Optimista por naturaleza, Eric ignoraba que hasta el ser más dichoso del mundo podía sufrir duros golpes. Su psique no era lo bastante sanguinaria como para darle una pesadilla en toda regla y ahora le ofrecía una red de seguridad, una voz en su cabeza que decía: «Tranquilo, sólo es un sueño». Unos instantes después, alguien llamó a la puerta. Stacy se levantó; Eric abrió los ojos y miró alrededor, soñoliento. Las cortinas estaban echadas y la ropa de ambos desperdigada por el suelo. Stacy se había llevado la colcha. Estaba envuelta en ella junto a la puerta, desnuda por abajo, hablando con alguien. Poco a poco, Eric cayó en la cuenta de que se trataba de Jeff. Quería ir a mear, cepillarse los dientes y enterarse de qué pasaba, pero no conseguía ponerse en marcha. Volvió a adormecerse y lo siguiente que vio fue a Stacy de pie a su lado, vestida con un pantalón color caqui y una camiseta, secándose el pelo y metiéndole prisa.
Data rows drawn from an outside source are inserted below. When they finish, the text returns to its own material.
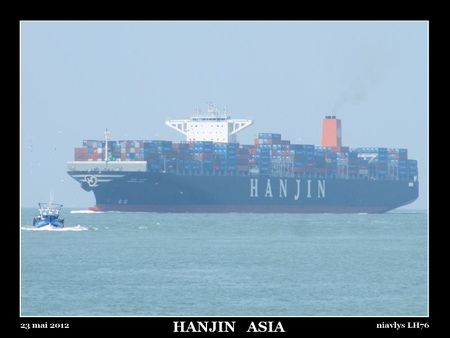 Hanjin Asia 1
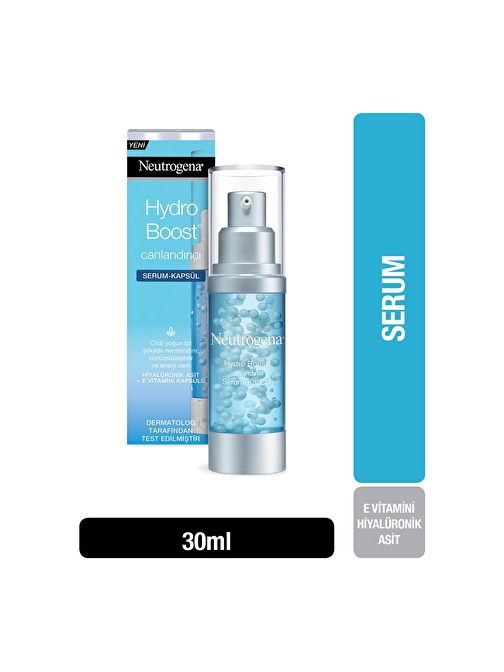 Hydro Boost Canlandırıcı Serum Kapsül 30 ml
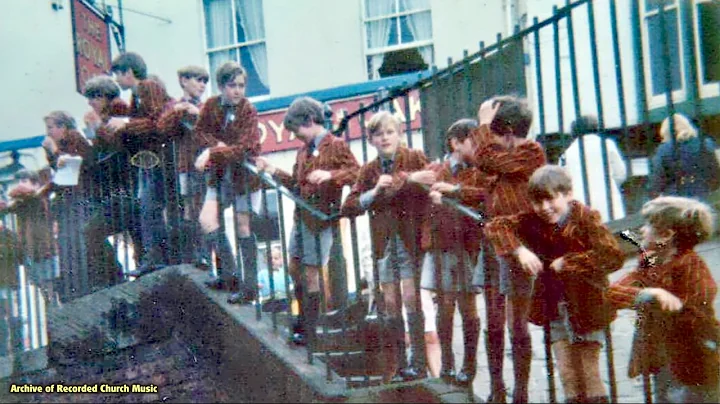 BBC radio Autumn Journey: Ripon Cathedral 1984 (Ro...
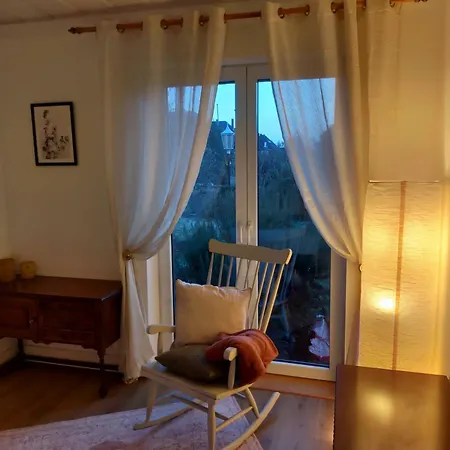Sophies - Urlaub Im Alten Land Mit Bis Zu 6 Personen *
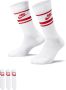 Nike Sportswear Dri-FIT Everyday Essential crew sokken (3 paar) Wit - Thumbnail 1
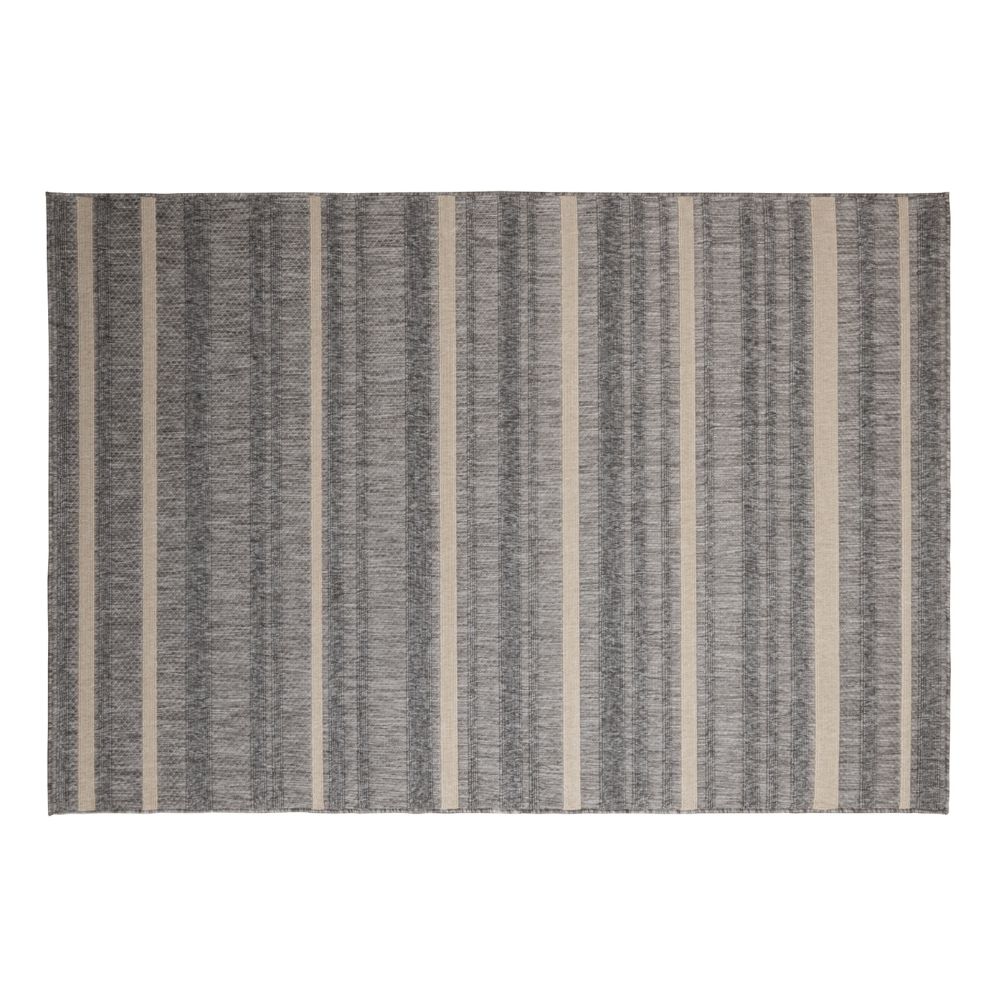 TAPETE LAVIN ARIA T2309 | Tapete Decorativo para Recepción Hotel Hogar Departamento Sala | GRIS CREMA | Varias Medidas | Rectangular | Interior | Hotel Habitación Airbnb Sala Recamara Estudio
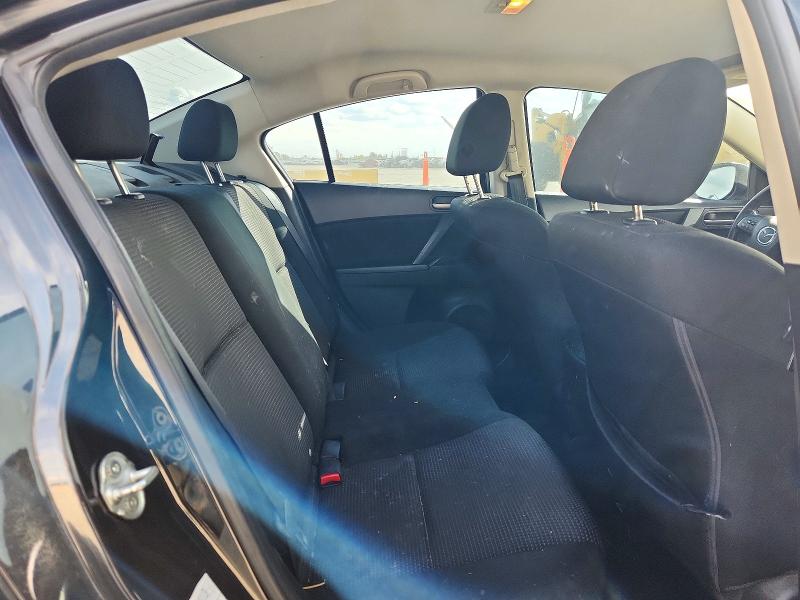 70475056 :رقم المزاد ، JM1BL1U72D1715486 vin ، 2013 Mazda 3 مزاد بيع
—¿Que me dé prisa? —preguntó.
Ella miró el reloj.
—Sale dentro de cuarenta minutos.
—¿Quién?
—¿El autobús?
—¿Qué autobús?
—El de Cobá.
—Cobá… —Se incorporó con esfuerzo y por un instante pensó que vomitaría otra vez. La colcha estaba en el suelo, cerca de la puerta, y le costó recordar cómo había llegado allí—. ¿Qué quería Jeff?
—Que nos preparásemos.
—¿Por qué llevas pantalón largo?
—Lo dijo Jeff. Por los bichos.
—¿Bichos? —preguntó Eric. Tenía dificultades para entenderla. Todavía estaba un poco borracho—. ¿Qué bichos?
—Nos vamos a Cobá —respondió Amy—. A una vieja mina. Para ver las ruinas.
Enfiló de nuevo hacia el cuarto de baño. Eric oyó el grifo y recordó que tenía la vejiga llena. Se levantó y fue arrastrando los pies hasta el lavabo. Stacy había encendido la luz del espejo, que lo deslumbró. Permaneció un instante en la puerta, parpadeando. Ella abrió el grifo de la ducha y tiró de Eric, que estaba desnudo y lo único que tuvo que hacer fue meterse dentro. Un instante después estaba enjabonándose, orinando entre los pies, pero aún medio dormido. Stacy lo animó, y con su ayuda pudo terminar de ducharse, cepillarse los dientes, peinarse y vestirse con unos tejanos y una camiseta, pero sólo cuando bajaron al comedor, mientras desayunaban a toda prisa, Eric empezó a entender adónde se dirigían.